I believe this patch is responsible for a tmpfs behaviour change when
a directory is modified while being read. The following test program
#include <dirent.h>
#include <err.h>
#include <fcntl.h>
#include <stdio.h>
#include <stdlib.h>
#include <sys/stat.h>
#include <unistd.h>
int main(int argc, char *argv[]) {
const char *tmp = "/tmp";
if (argc >= 2)
tmp = argv[1];
char *dir_path;
if (asprintf(&dir_path, "%s/foo.XXXXXX", tmp) < 0)
err(EXIT_FAILURE, "asprintf()");
if (!mkdtemp(dir_path))
err(EXIT_FAILURE, "mkdtemp(%s)", dir_path);
char *file_path;
if (asprintf(&file_path, "%s/bar", dir_path) < 0)
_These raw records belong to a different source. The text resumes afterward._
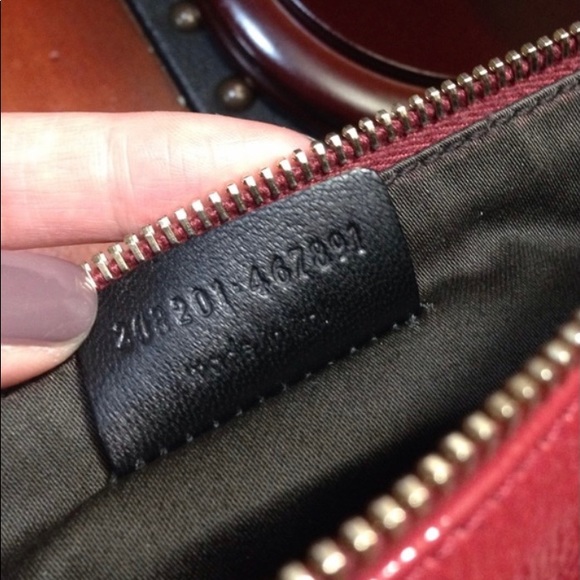 Vintage Authentic YSL mini crossbody - Picture 2 of 4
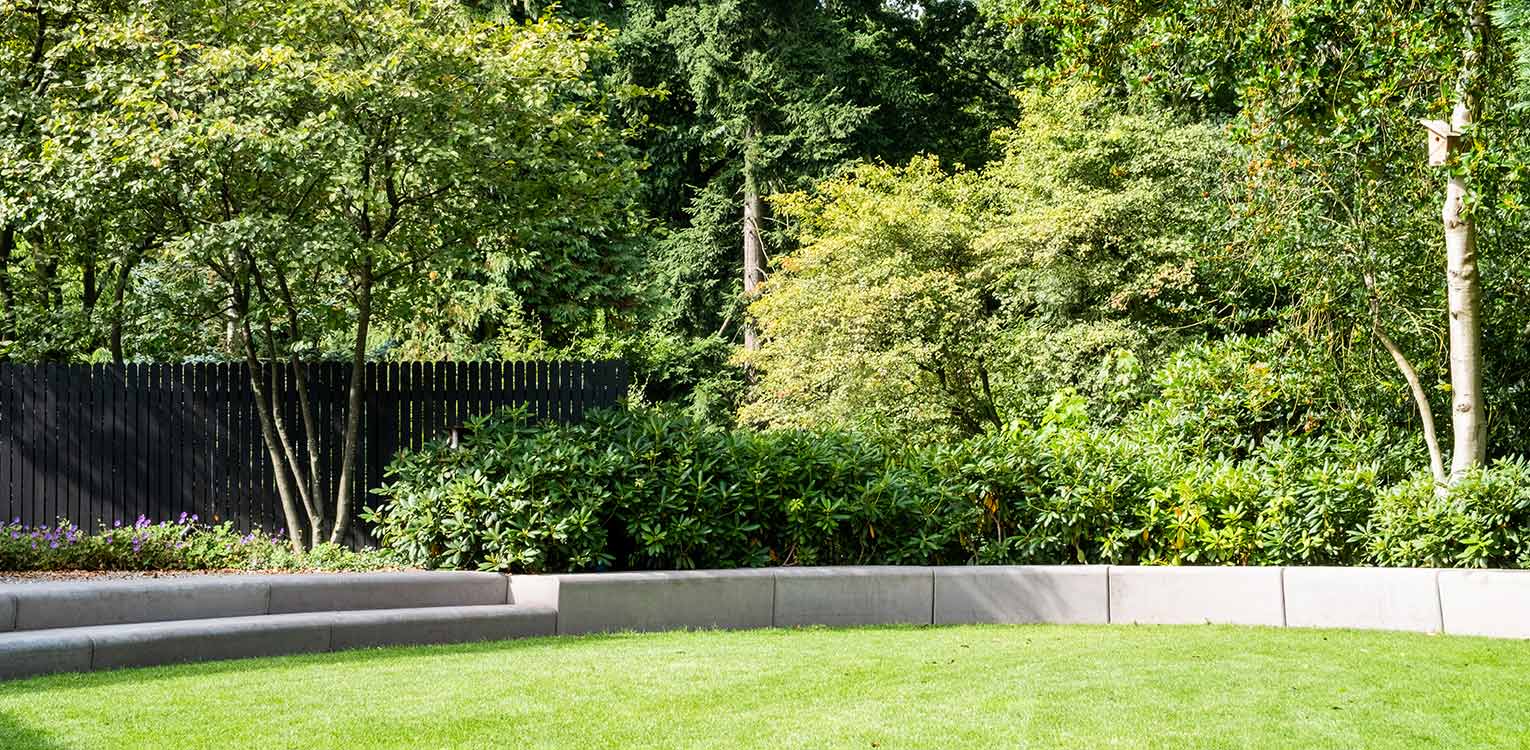 tuinontwerp-stadstuin-Arnhem-ovaal-verdiept-grasveld-betonrand-betontredes-denkers-in-tuinen-Apeldoorn-tuinarchitectuur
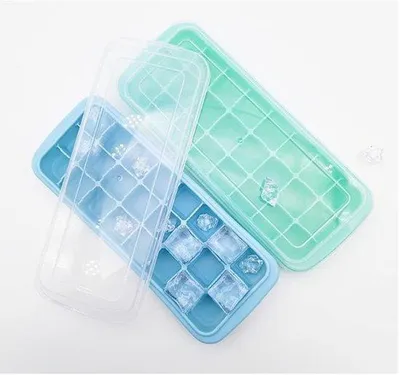 Imagen del producto de Moldes de silicona para hacer cubitos de hielo con tapa, de varios colores, aptos para uso alimentario, con dimensiones de 24 x 10 x 2,6 cm. Contenedor para cubitos de hielo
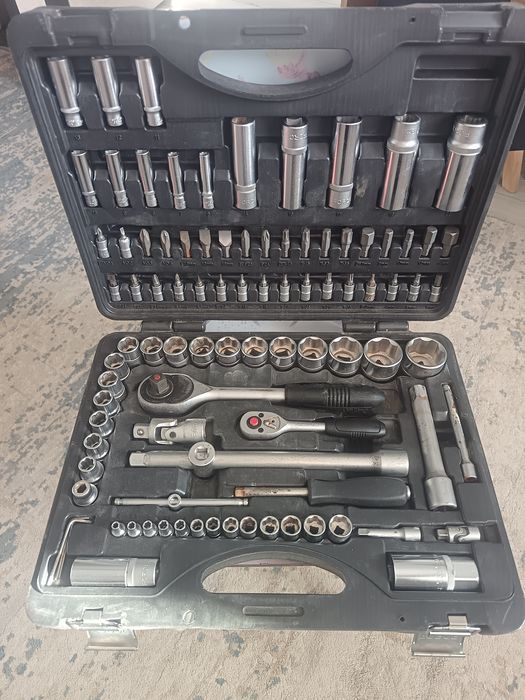 Набор инструментов для авто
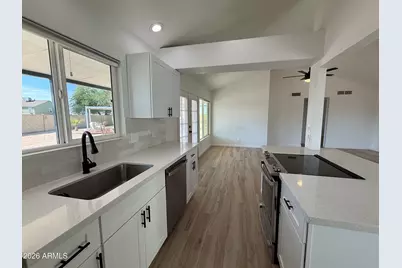 4528 W Kristal Way, Glendale, AZ 85308 - Photo 14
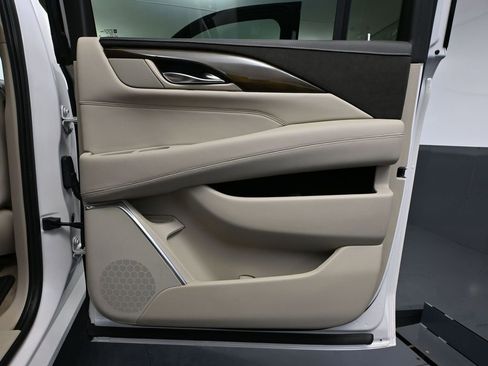 Used 2020 Cadillac Escalade ESV Premium Luxury image 55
err(EXIT_FAILURE, "asprintf()");
if (creat(file_path, 0644) < 0)
err(EXIT_FAILURE, "creat(%s)", file_path);
DIR *dir = opendir(dir_path);
if (!dir)
err(EXIT_FAILURE, "opendir(%s)", dir_path);
struct dirent *de;
while ((de = readdir(dir))) {
printf("readdir(): %s/%s\n", dir_path, de->d_name);
if (de->d_name[0] == '.')
continue;
if (unlink(file_path) != 0)
err(EXIT_FAILURE, "unlink(%s)", file_path);
if (creat(file_path, 0644) < 0)
err(EXIT_FAILURE, "creat(%s)", file_path);
}
return EXIT_SUCCESS;
}
when run on Linux 6.5, doesn't print the new directory entry:
tavianator@graphene $ uname -a
Linux graphene 6.5.9-arch2-1 #1 SMP PREEMPT_DYNAMIC Thu, 26 Oct 2023 00:52:20 +0000 x86_64 GNU/Linux
tavianator@graphene $ gcc -Wall foo.c -o foo
tavianator@graphene $ ./foo
readdir(): /tmp/foo.wgmdmm/.
readdir(): /tmp/foo.wgmdmm/..
readdir(): /tmp/foo.wgmdmm/bar
But on Linux 6.6, readdir() never stops:
tavianator@tachyon $ uname -a
Linux tachyon 6.6.1-arch1-1 #1 SMP PREEMPT_DYNAMIC Wed, 08 Nov 2023 16:05:38 +0000 x86_64 GNU/Linux
tavianator@tachyon $ gcc foo.c -o foo
tavianator@tachyon $ ./foo
readdir(): /tmp/foo.XnIRqj/.
readdir(): /tmp/foo.XnIRqj/..
readdir(): /tmp/foo.XnIRqj/bar
readdir(): /tmp/foo.XnIRqj/bar
readdir(): /tmp/foo.XnIRqj/bar
readdir(): /tmp/foo.XnIRqj/bar
readdir(): /tmp/foo.XnIRqj/bar
readdir(): /tmp/foo.XnIRqj/bar
readdir(): /tmp/foo.XnIRqj/bar
readdir(): /tmp/foo.XnIRqj/bar
...
foo: creat(/tmp/foo.TTL6Fg/bar): Too many open files
POSIX says[1]
> If a file is removed from or added to the directory after the most recent
> call to opendir() or rewinddir(), whether a subsequent call to readdir()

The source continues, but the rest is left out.